[Opening MATERIAL FOR THE TASK section]

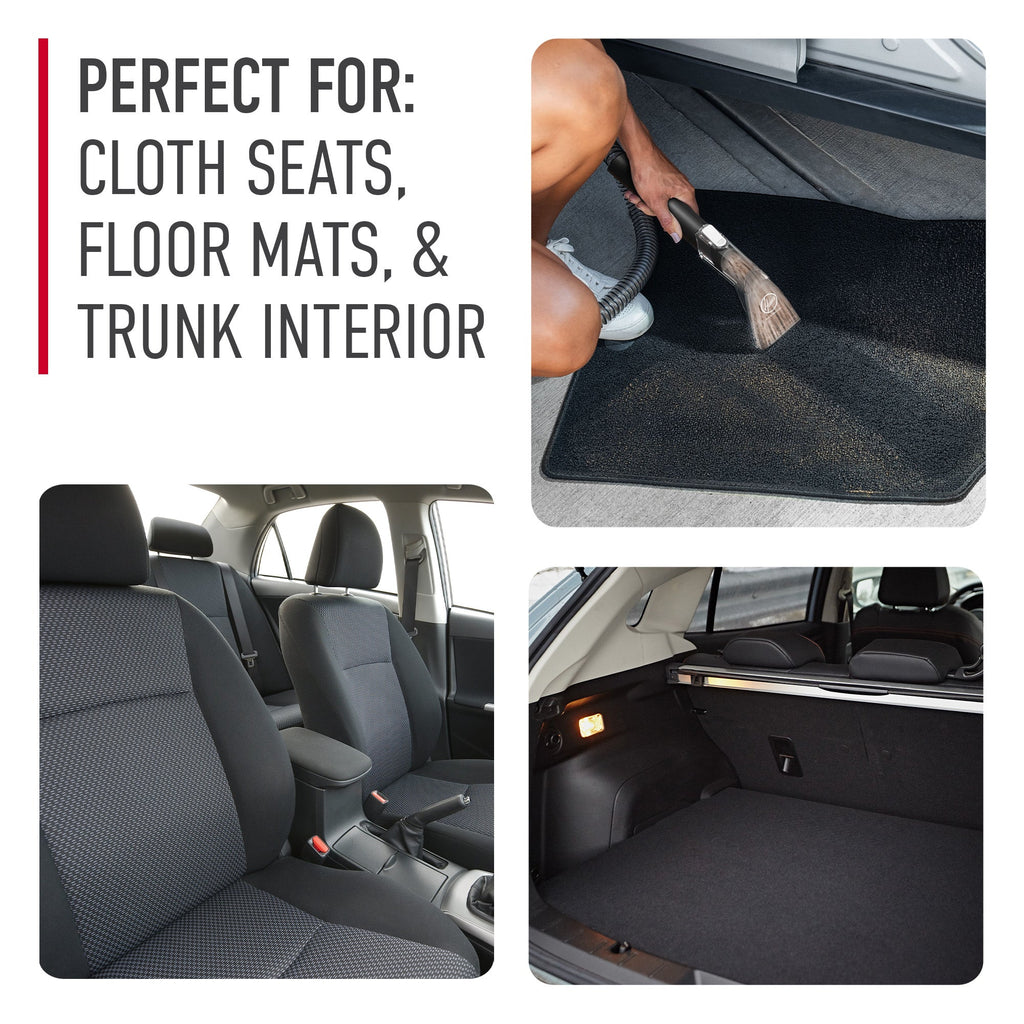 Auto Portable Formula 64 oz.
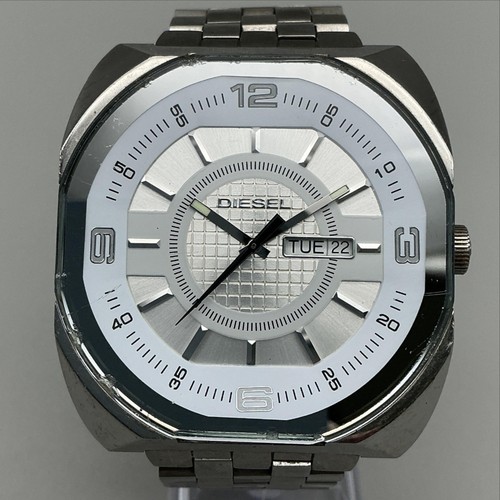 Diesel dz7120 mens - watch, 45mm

[Closing MATERIAL FOR THE TASK section]
[Opening MATERIAL FOR THE TASK section]

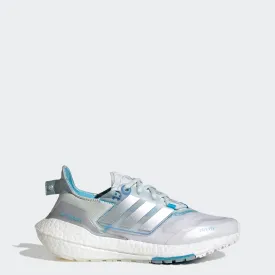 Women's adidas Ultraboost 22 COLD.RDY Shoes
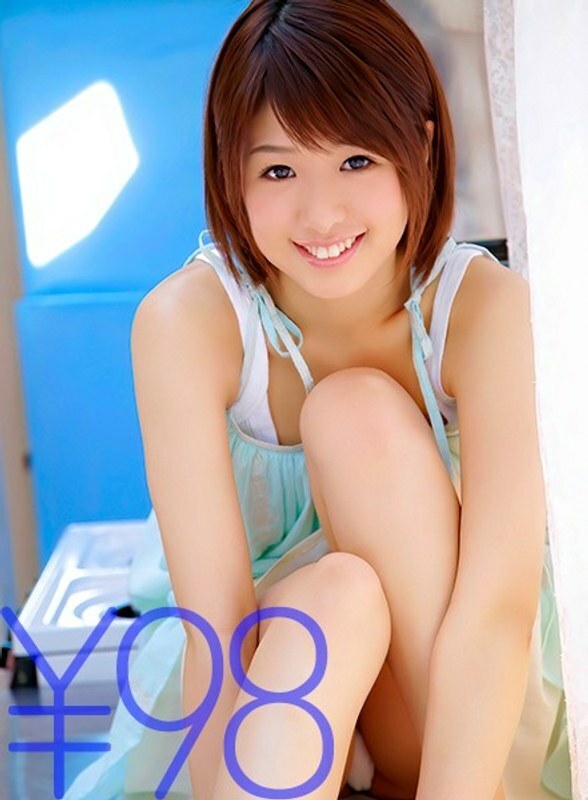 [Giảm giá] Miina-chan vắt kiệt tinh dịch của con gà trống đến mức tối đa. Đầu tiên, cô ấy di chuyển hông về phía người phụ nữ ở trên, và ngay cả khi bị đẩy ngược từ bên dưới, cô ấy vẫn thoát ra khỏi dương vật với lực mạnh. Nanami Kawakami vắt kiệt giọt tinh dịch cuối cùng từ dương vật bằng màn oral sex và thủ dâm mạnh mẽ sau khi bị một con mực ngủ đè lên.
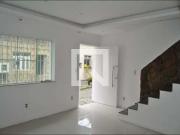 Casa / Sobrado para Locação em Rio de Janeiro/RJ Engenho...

[Closing MATERIAL FOR THE TASK section]

_WHAT THE TASK REQUIRES_: Take the material above and output only the lines from the one that contains "Auto Portable Formula 64 oz." through the one that contains "Diesel dz7120 mens - watch, 45mm", ends included and images left out.

_RESPONSE AREA_:
 Auto Portable Formula 64 oz.
 Diesel dz7120 mens - watch, 45mm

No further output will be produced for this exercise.